3.01.2014

A Roadtripper's Mobile Bookshelf

PURCHASED/ GIFTED/ LINKS/ 
Last night I got going entering some of my road-themed books into Goodreads.
No, none of these, yet.
It could have sworn I had The Art of Pilgrimage, by Phil Cousineau but I couldn't find it.

Then, while shooting the above photo, I remembered that I'd put some road trip books on a special Road Trip Project shelf.
Eureka! Found, and added to my "take with" pile:
Since I'm driving, I can schlep lots of "stuff".
List, with links and comments

Where Chefs Eat, by Joe Warwick
I gave this to Severo, my partner in gluttony. He'll let me borrow it.
Where the Locals Eat, by L. Lee Wilson Purchased pre-Yelp. It's ©1998.
The Food Lover's Handbook to the Southwest, by Dave DeWitt Sensing a trend yet? I got this in 1992. I have used it extensively.
The Creative Habit, by Twyla Tharp Thought this would be good to read again.
Ghost World, by Daniel Clowes Wild card! I won't yet tell you why I'm taking this.
The Way of the Traveler, by Joseph Dispenza This was on the same shelf as The Art of Pilgrimage
The Mindful Traveler, by Jim Currie Currently reading
The Pacific Northwest, Insight Guides I have the 1989 edition. Absurd to take it?
Roadside America
I have two copies of this, it's so entertaining. They also have a website. And an App.
Eat Your Way Across the U.S.A., by Jan and Michael Stern Sure, don't mind if I do!
500 Things to Eat Before It's Too Late, by Jan and Michael Stern
Roadfood, by Jan and Michael Stern The classic original.
Road Trip USA, by Jamie Jensen This will be helpful on US2, the northern perimeter. She's written many other more specific guides, like one for New England. Maybe I'll get the Kindle edition.
U.S.A. & Canada, Travellers Survival Kit Picked this up for $1.00. Old ©1993
Rand McNally Pocket Size Atlas
So cute. Usefulness debatable. I've got my AAA maps, my iPhone, and Siri.
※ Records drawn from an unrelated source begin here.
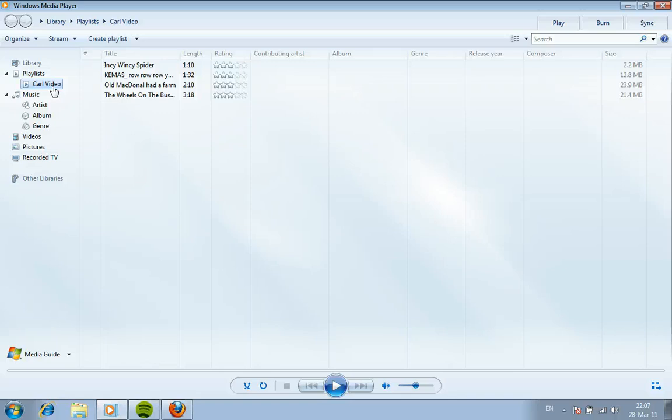So use this video to help you create playlists to put more videos within Windows Media Player and to give Carl or whoever else wants to use a computer to watch videos much more control and much more independence. Thank you for watching.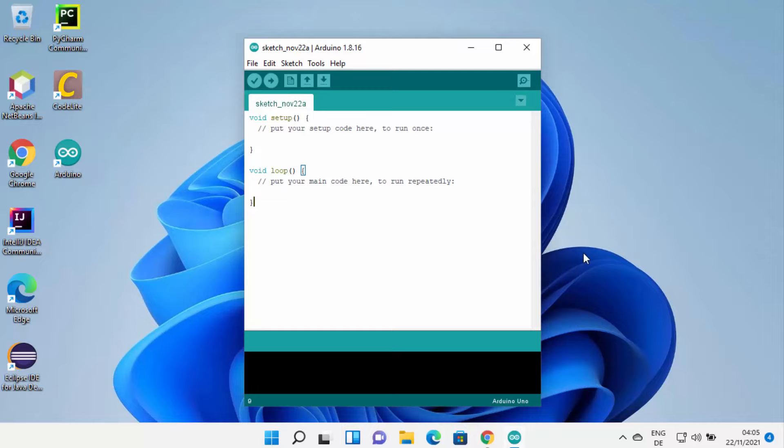That's how you can download and install Arduino IDE on your Windows 11 operating system. I hope you've enjoyed this video and I will see you in the next one.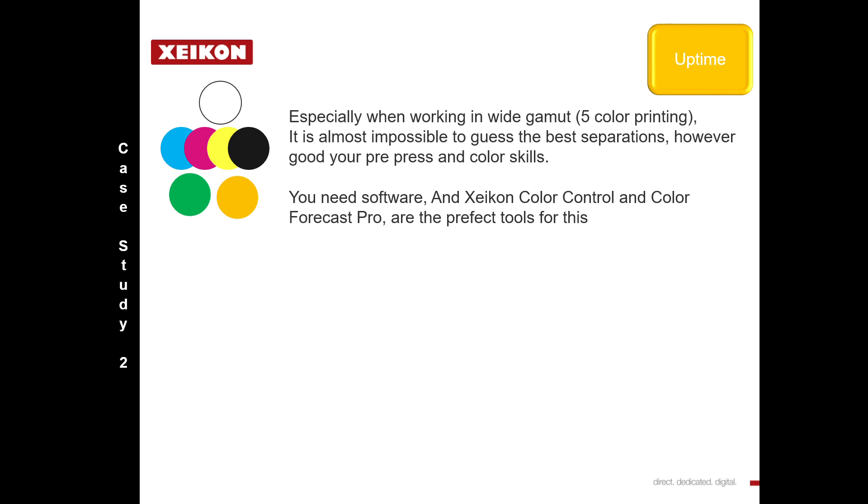However, with our softwares Xeikon Color Control and Color Forecaster Pro, which are perfect tools for this, you remove maybe hours, sometimes days of guesswork for a process that takes seconds.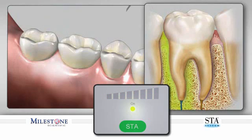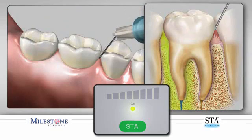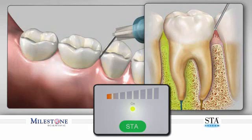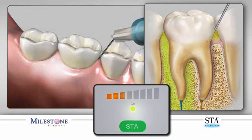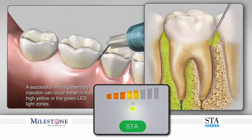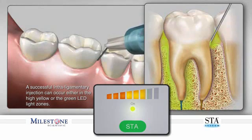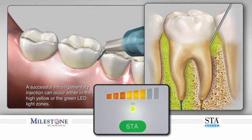Insert the needle on the mesial root of the molar. It may not be necessary to bend the needle to gain access on the mesial. Take care to insert the needle with the bevel facing the surface of the root. Slowly advance the needle into the sulcus until resistance is felt, achieved using a 45 degree angle. The STA system will once again begin to determine proper location by dynamic pressure sensing.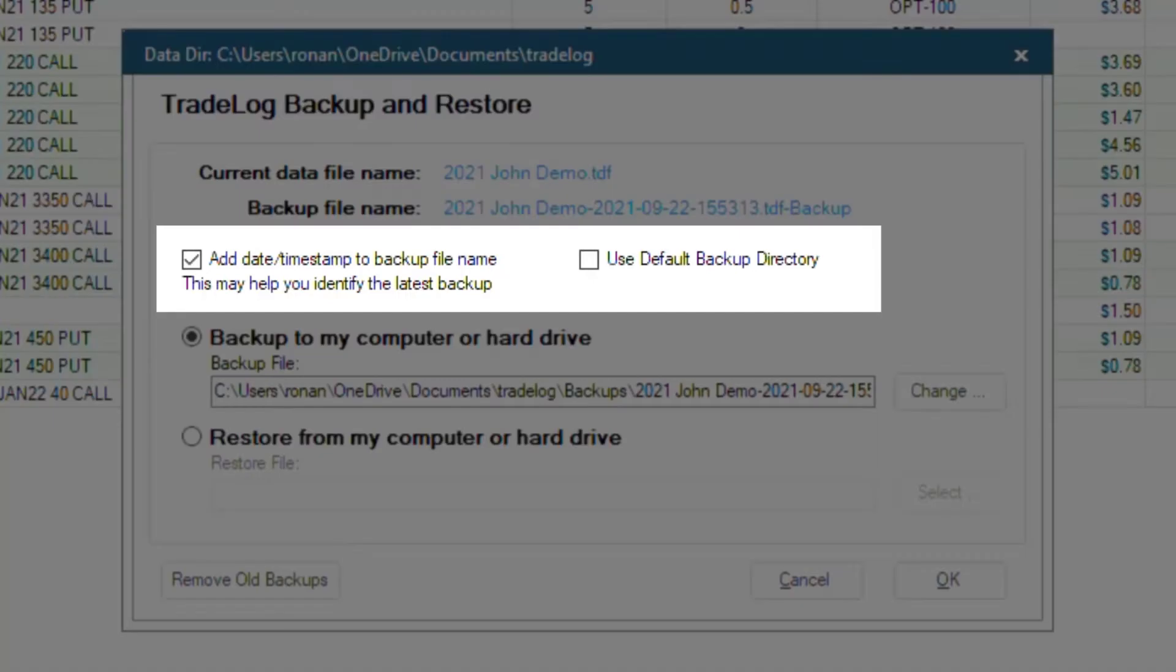First, you can check the box on the left if you want the backup file name to include a date slash timestamp, and next to that you can choose if you want to save in the default backup directory.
Any books (or Apps) that you can recommend?  
Please, not Blue Highways. I've read it and it annoyed the heck out of me. I think Least-Heat Moon writes too elaborately, not for narrative flow, but to let us all know how "learned" he is.

3 comments:

  1. You can always go old school. Have you ever read "Another Roadside Attraction" or "Even Cowgirls Get the Blues"? I also think of Charles Bukowski as rather road trippy. And if you're heading up Montana way, my old stomping grounds, "A River Runs Throught It" will make you want to stop right there. Gotta love Jane and Michael Stern!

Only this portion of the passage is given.